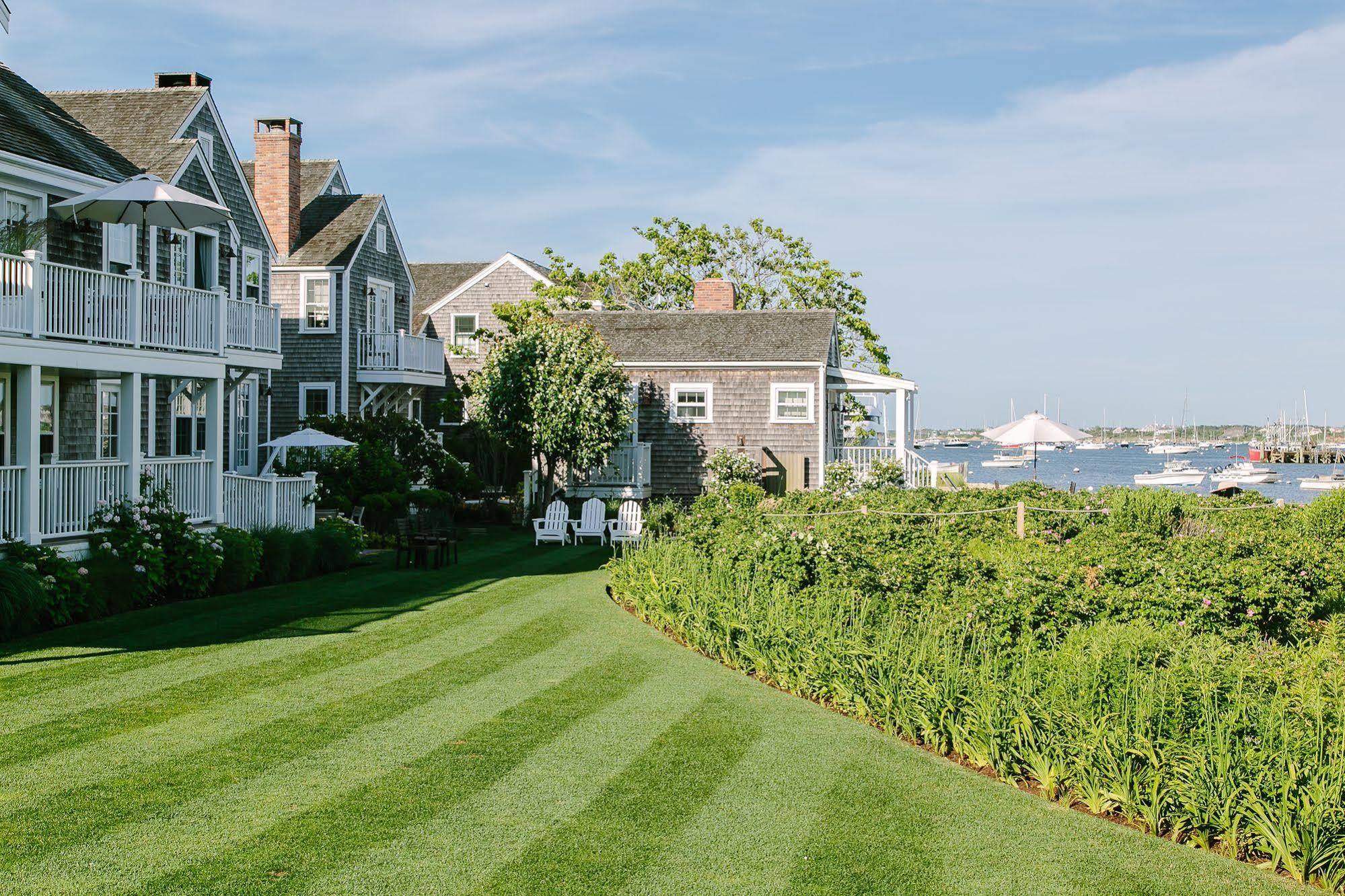 Harborview Nantucket Hotel Buitenkant foto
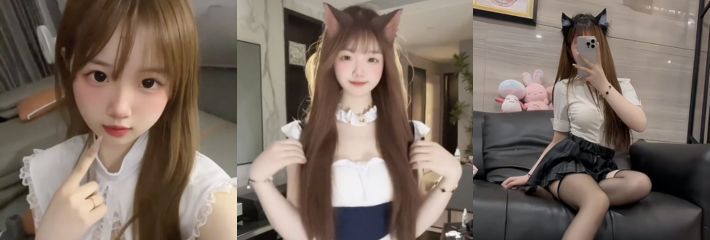 四川泸州一网红 蒜香排骨 继私密自拍视频流出后更名为 忧郁的葱 为了捞金她不惜一切沦为金主的泄欲玩物！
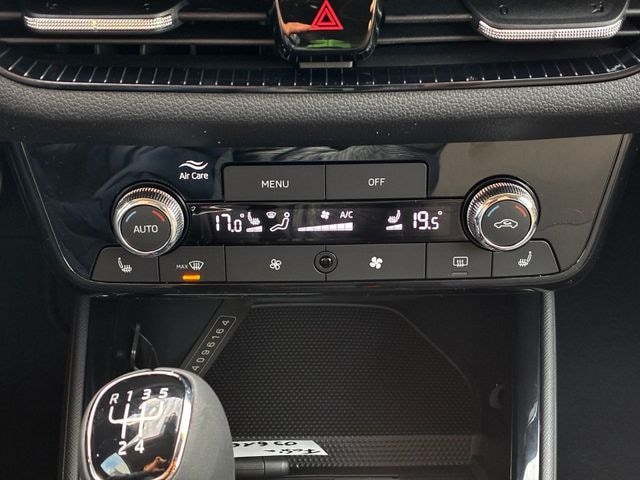 Skoda Fabia 1.0 TSI Selection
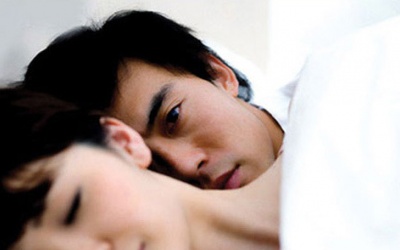 Tiết dịch mỗi khi 'gần' vợ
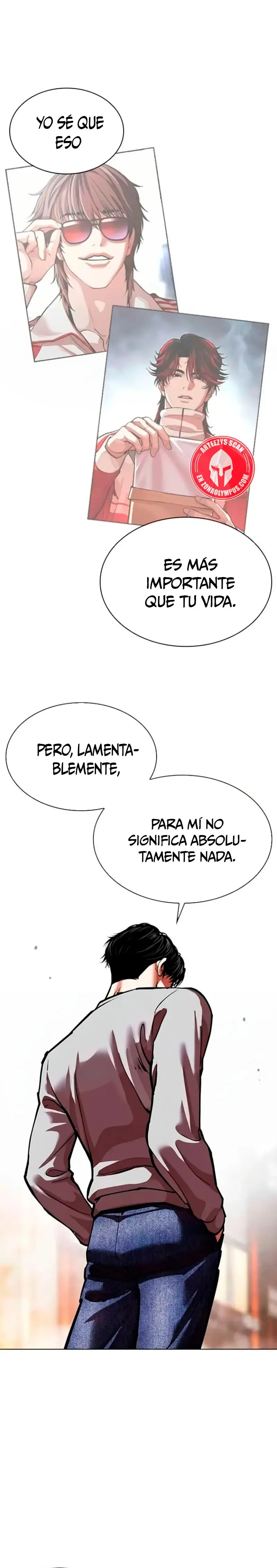 Lookism Capítulo 584 en Línea - página 35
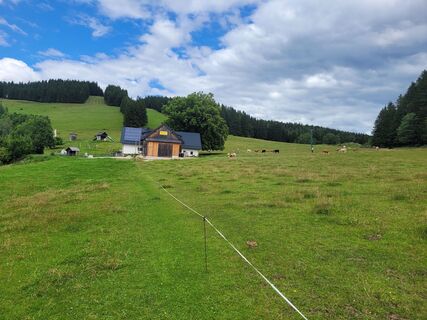 Foto von shac entlang der Tour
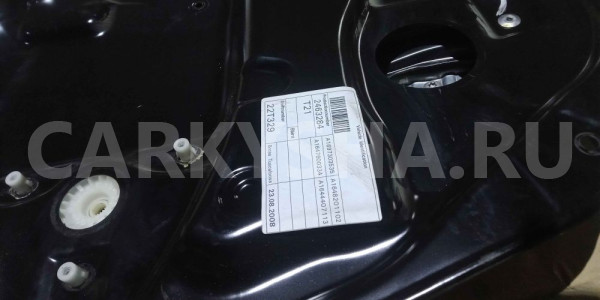 Стеклоподъемник Mercedes-Benz M-класс W164 рестайлинг (2008—2011) Mercedes-Benz M-klasse оригинальный номер A1647303179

◇ ◇ ◇ ◇

● **Task directions**
Repeat exactly the lines above, starting at the one that contains "Lookism Capítulo 584 en Línea - página 35" and stopping at the last line of the entries, and leave out the pictures.

● **Finished exercise**
 Lookism Capítulo 584 en Línea - página 35
 Foto von shac entlang der Tour
 Стеклоподъемник Mercedes-Benz M-класс W164 рестайлинг (2008—2011) Mercedes-Benz M-klasse оригинальный номер A1647303179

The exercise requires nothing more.